Caching issue caused API timeouts and 500 errors for approximately 4 hours

Incident Report for Open Exchange Rates

Resolved

This issue began at around midnight UTC on the 17th March, and was resolved at approximately 4am UTC, with full service restored by 4.45am.

This was an uncharacteristic outage, triggered by a spike in requests occurring shortly after midnight UTC, combined with an unforeseen issue with AWS ElastiCache, which led to critically high database connections and CPU utilisation. At this point, clients began receiving timeouts, and began retrying their requests at a high frequency, which further multiplied the issue [1].

By this stage, our auto-scaling infrastructure was not able to mitigate the issue and manual intervention was required. After investigating to ascertain the root causes, we rolled out a temporary solution which resolved the immediate bottlenecks. This included temporarily switching off API usage logging, and doubling our overall database capacity (logging has since been restored and clients' usage statistics are fully up-to-date).

We then worked to identify, implement and deploy a number of long-term solutions and caching improvements in response to the events that directly preceded this outage and the specific failures that they triggered, and we continued to monitor throughout the day. We are confident that the improvements we have made today will prevent this issue from happening again.

We sincerely apologise for any inconvenience this outage may have caused you.

Please don't hesitate to contact us at support@openexchangerates.org with any questions, comments or concerns about this incident.

Kind regards,

– Open Exchange Rates Team

[1] Retrying failed requests is a common integration practice, although we strongly recommend waiting at least 1 second in between retries to maximise the chance of a successful response.

Posted Mar 17, 2017 - 19:15 UTC

Monitoring

We have resolved the immediate issue and API service has returned to normal. We are continuing to monitor and apologise for any inconvenience caused.

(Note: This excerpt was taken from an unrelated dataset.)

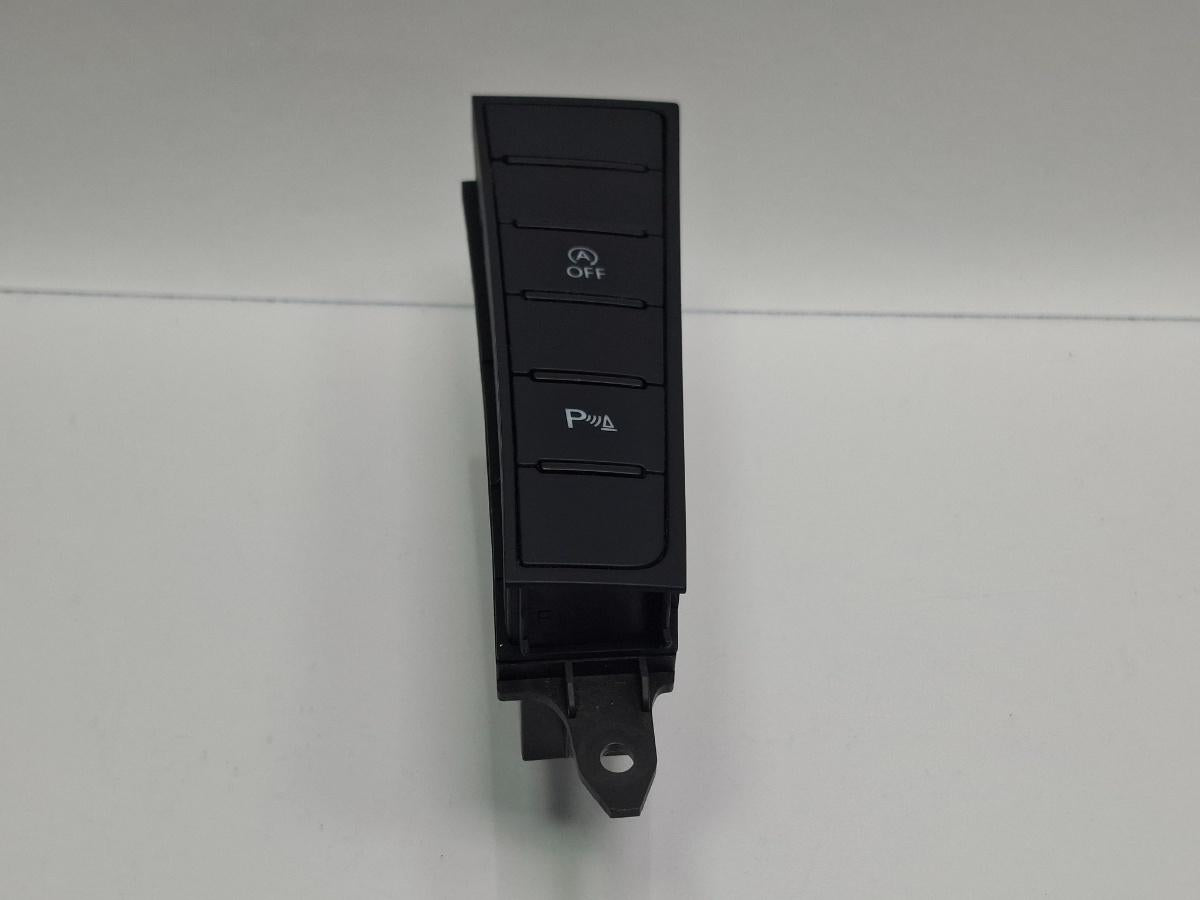 Bloc butoane VOLKSWAGEN PASSAT 365 2010 - 20142.0 2.0 TDi BlueMotion CFFB 3AB927238K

Posted Mar 17, 2017 - 04:38 UTC

Update

We have identified an issue in our AWS caching infrastructure which began at approximately 00:00 UTC on March 17th and caused a large volume of 500 errors and timeouts on API requests. We have performed a number of maintenance procedures to stabilise the issue and are now working to implement a solution.

Posted Mar 17, 2017 - 04:21 UTC

Identified

We are looking into an API platform issue, which is causing intermittent timeouts and 500 errors for API clients. We will update as soon as we have any further information.

Posted Mar 17, 2017 - 02:33 UTC